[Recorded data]
◆ ◆ ◆ ◆ ◆ ◆ ◆

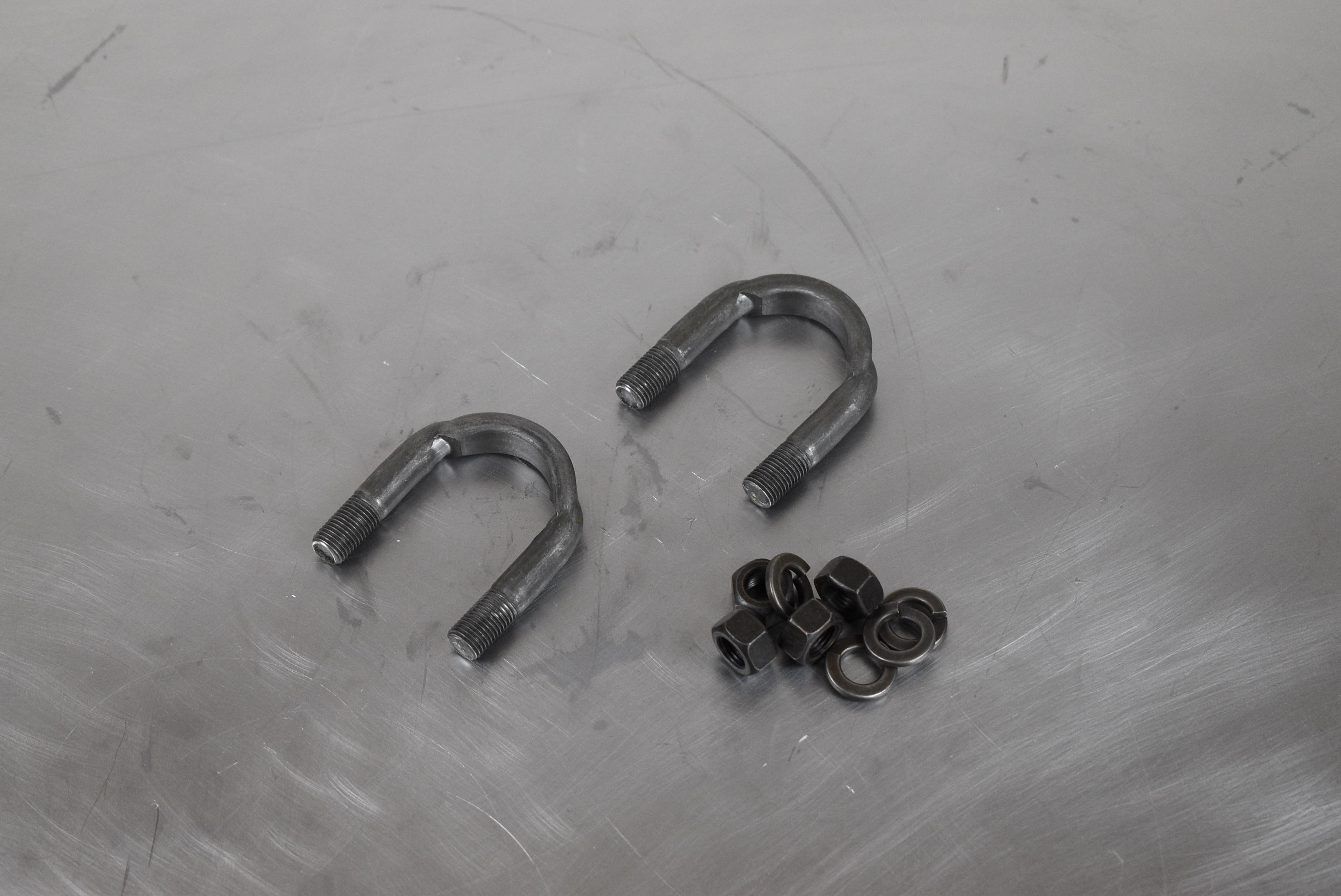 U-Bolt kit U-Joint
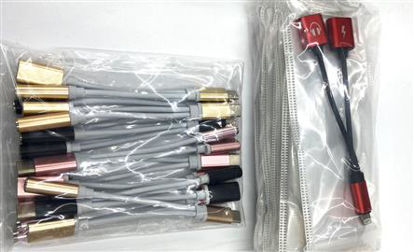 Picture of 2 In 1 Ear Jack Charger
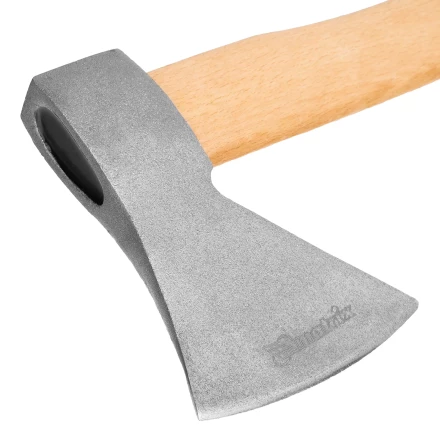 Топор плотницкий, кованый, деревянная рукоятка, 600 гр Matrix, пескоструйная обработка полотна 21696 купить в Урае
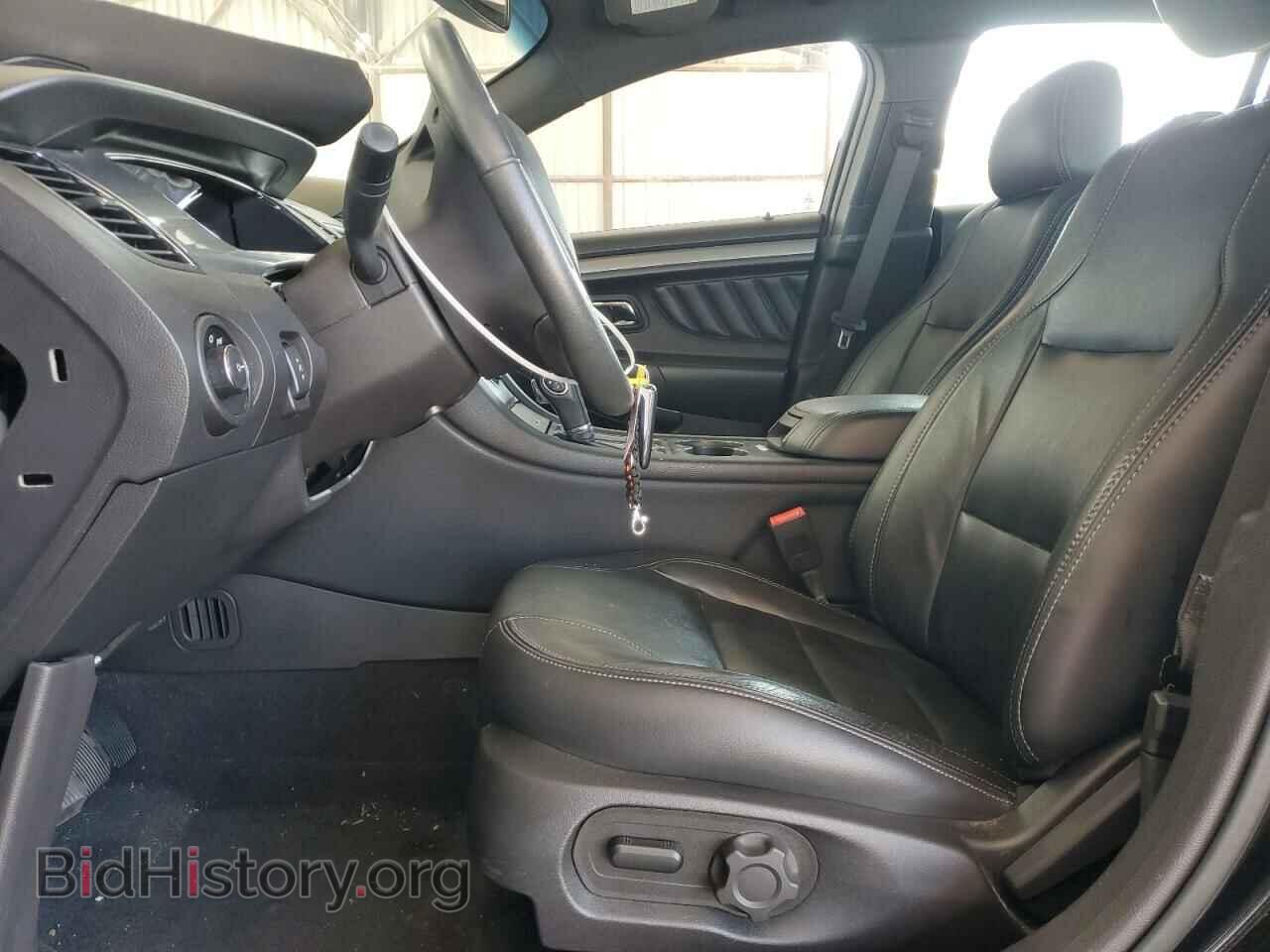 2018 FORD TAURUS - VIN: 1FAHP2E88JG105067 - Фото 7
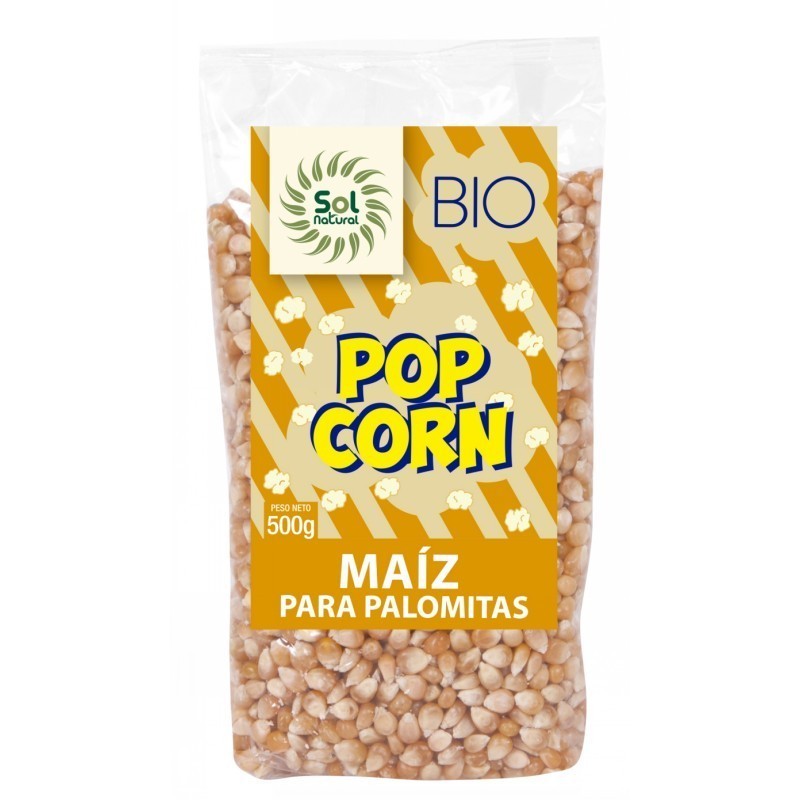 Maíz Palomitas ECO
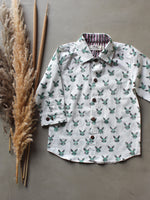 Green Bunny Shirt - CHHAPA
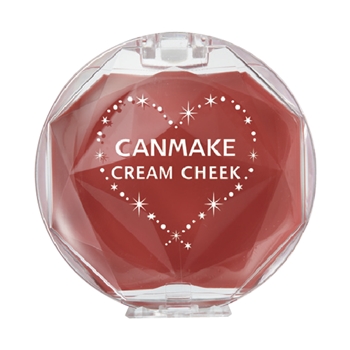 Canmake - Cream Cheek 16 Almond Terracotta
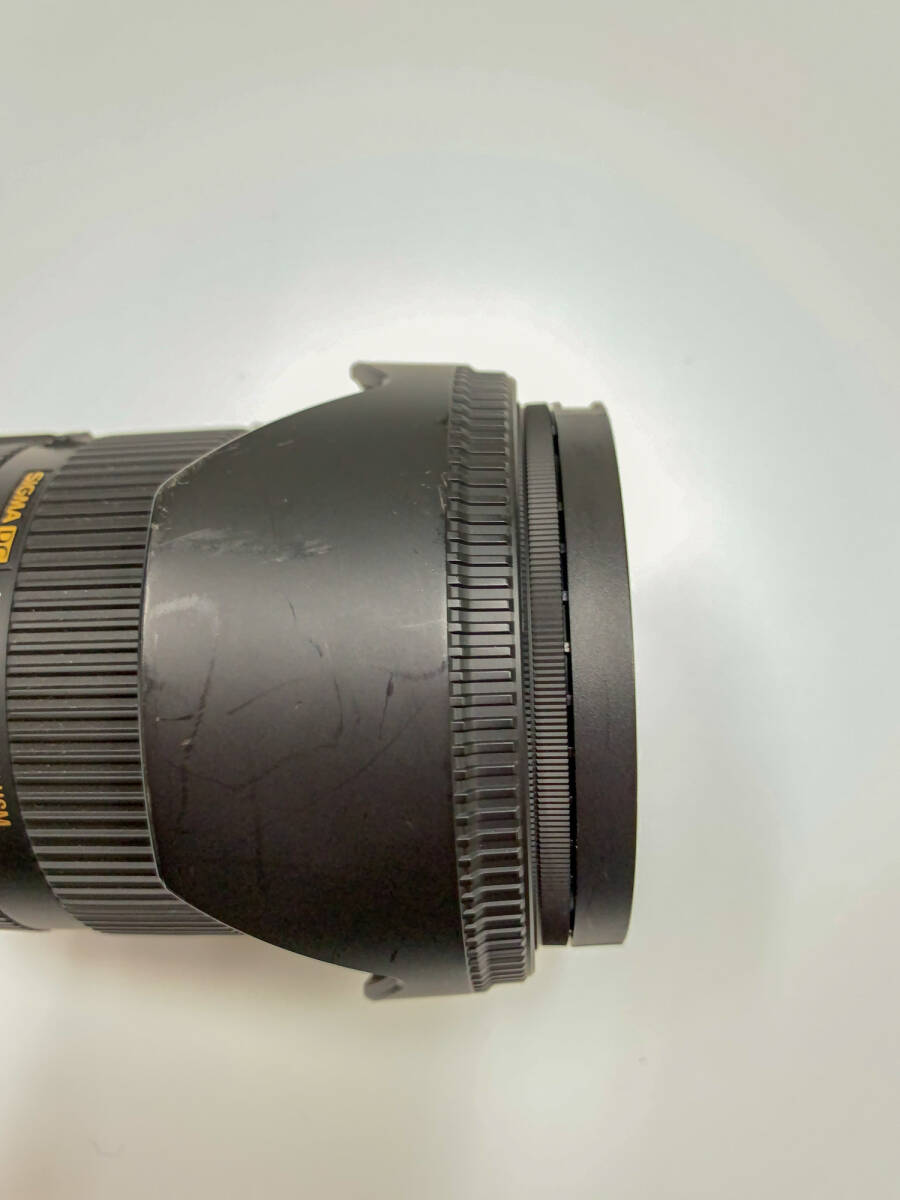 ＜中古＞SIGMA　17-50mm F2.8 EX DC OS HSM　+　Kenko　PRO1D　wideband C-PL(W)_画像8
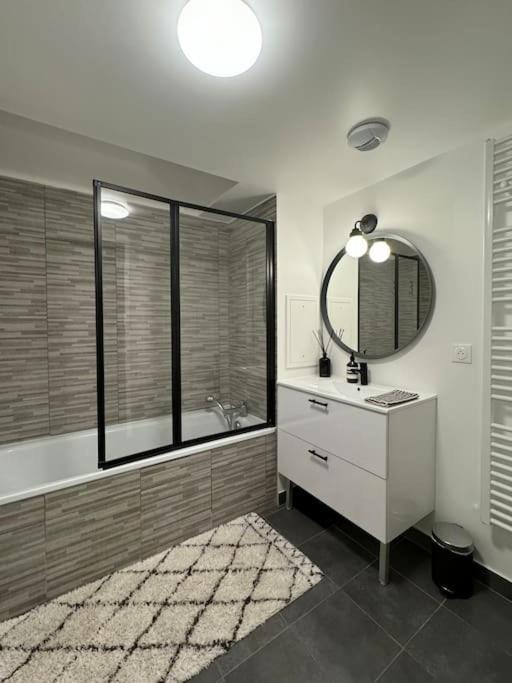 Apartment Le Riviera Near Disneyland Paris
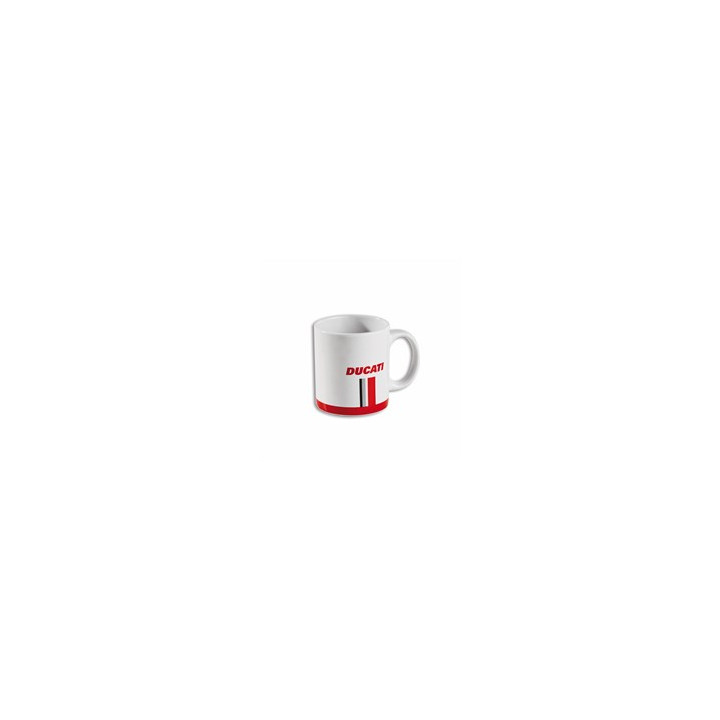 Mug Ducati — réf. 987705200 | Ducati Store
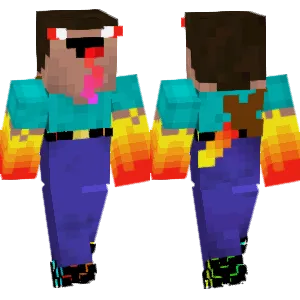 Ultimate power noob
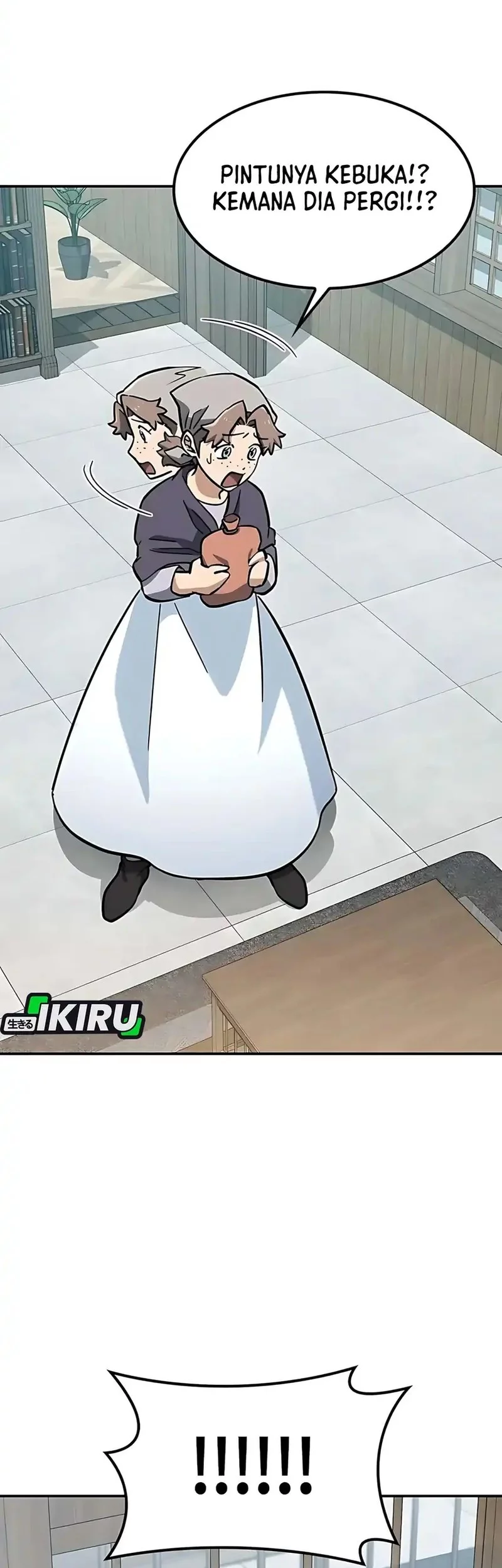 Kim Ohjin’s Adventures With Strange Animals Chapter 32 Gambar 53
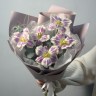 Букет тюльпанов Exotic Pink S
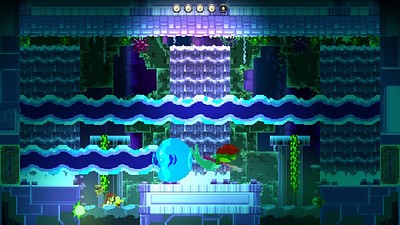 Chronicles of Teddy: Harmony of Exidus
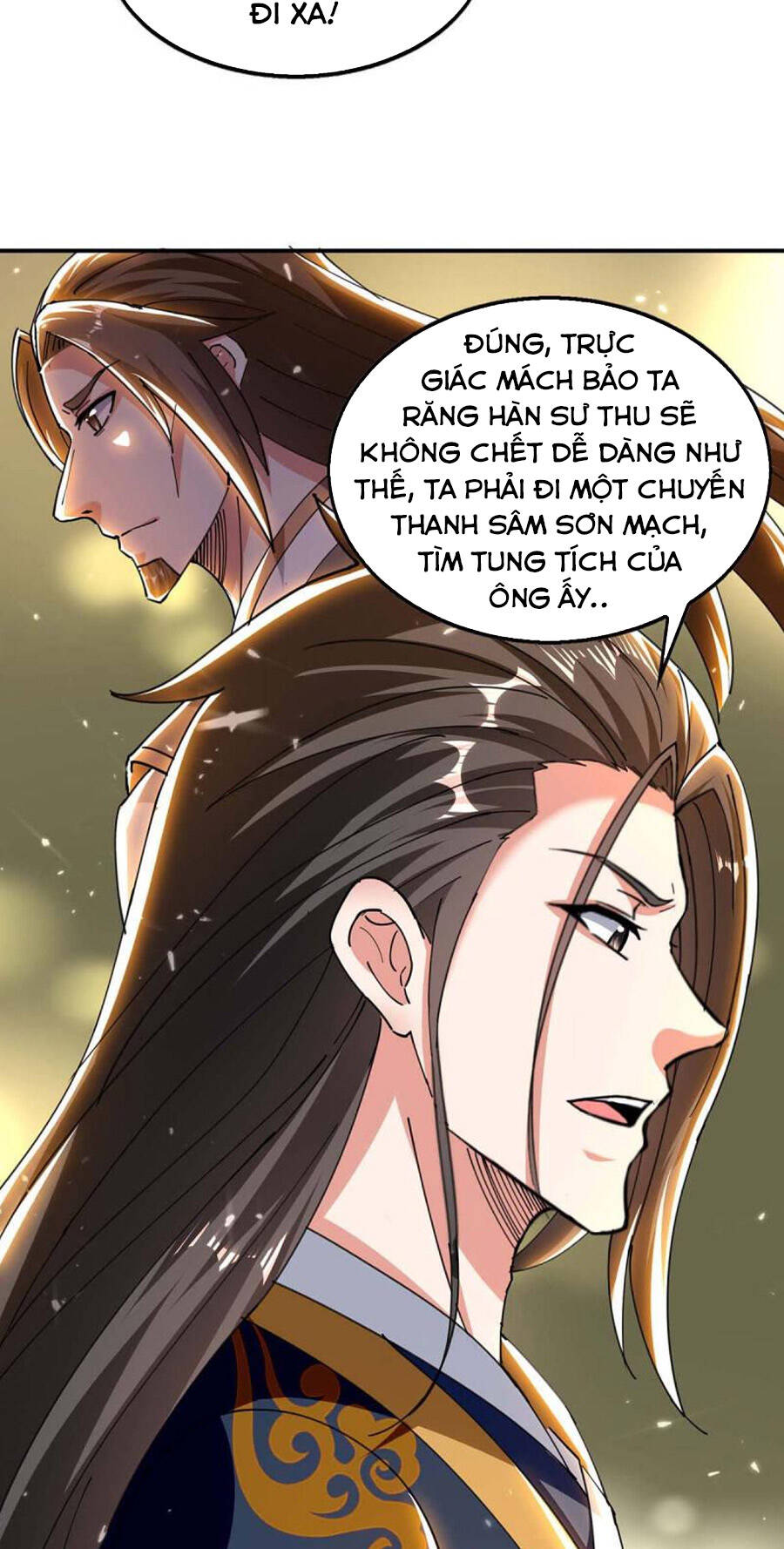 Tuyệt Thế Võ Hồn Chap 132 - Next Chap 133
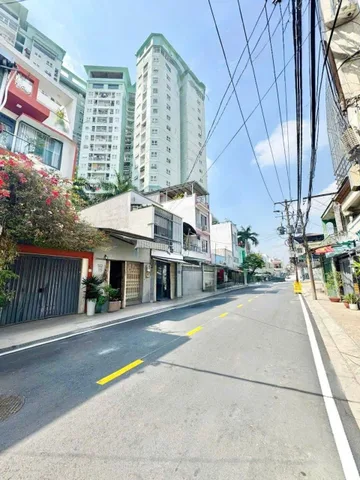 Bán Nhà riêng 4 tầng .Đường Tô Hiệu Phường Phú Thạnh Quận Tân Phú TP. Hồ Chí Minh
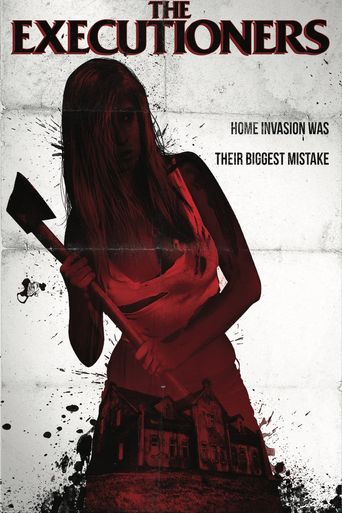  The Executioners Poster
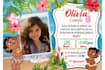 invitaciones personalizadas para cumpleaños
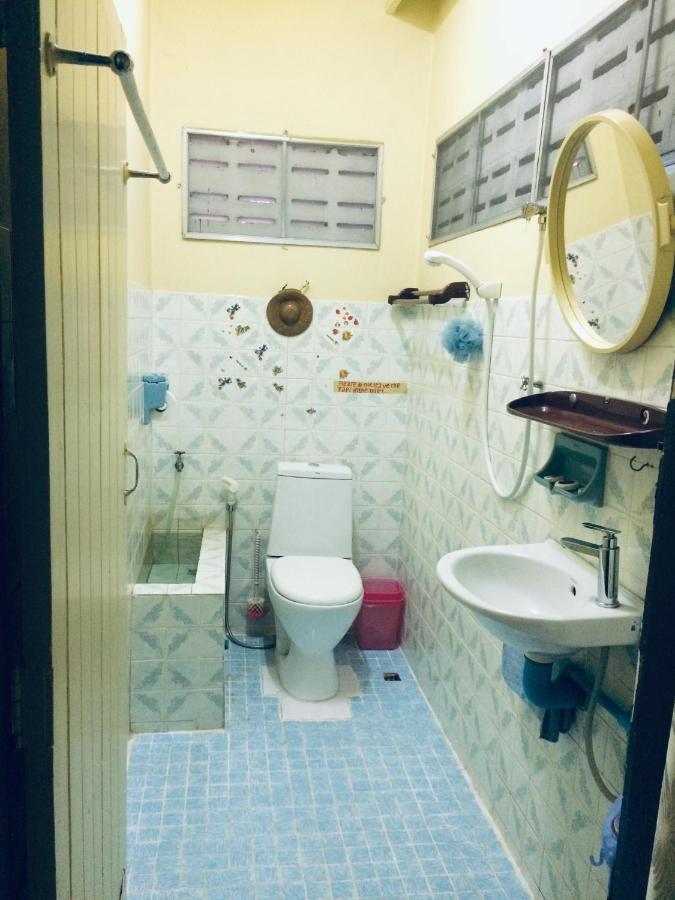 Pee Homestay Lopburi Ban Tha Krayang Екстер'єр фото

◆ ◆ ◆ ◆ ◆ ◆ ◆

__Aim of the task__: Output every entry exactly. Pictures stay out.

__Exercise answer__:
 U-Bolt kit U-Joint
 Picture of 2 In 1 Ear Jack Charger
 Топор плотницкий, кованый, деревянная рукоятка, 600 гр Matrix, пескоструйная обработка полотна 21696 купить в Урае
 2018 FORD TAURUS - VIN: 1FAHP2E88JG105067 - Фото 7
 Maíz Palomitas ECO
 Green Bunny Shirt - CHHAPA
 Canmake - Cream Cheek 16 Almond Terracotta
 ＜中古＞SIGMA　17-50mm F2.8 EX DC OS HSM　+　Kenko　PRO1D　wideband C-PL(W)_画像8
 Apartment Le Riviera Near Disneyland Paris
 Mug Ducati — réf. 987705200 | Ducati Store
 Ultimate power noob
 Kim Ohjin’s Adventures With Strange Animals Chapter 32 Gambar 53
 Букет тюльпанов Exotic Pink S
 Chronicles of Teddy: Harmony of Exidus
 Tuyệt Thế Võ Hồn Chap 132 - Next Chap 133
 Bán Nhà riêng 4 tầng .Đường Tô Hiệu Phường Phú Thạnh Quận Tân Phú TP. Hồ Chí Minh
  The Executioners Poster
 invitaciones personalizadas para cumpleaños
 Pee Homestay Lopburi Ban Tha Krayang Екстер'єр фото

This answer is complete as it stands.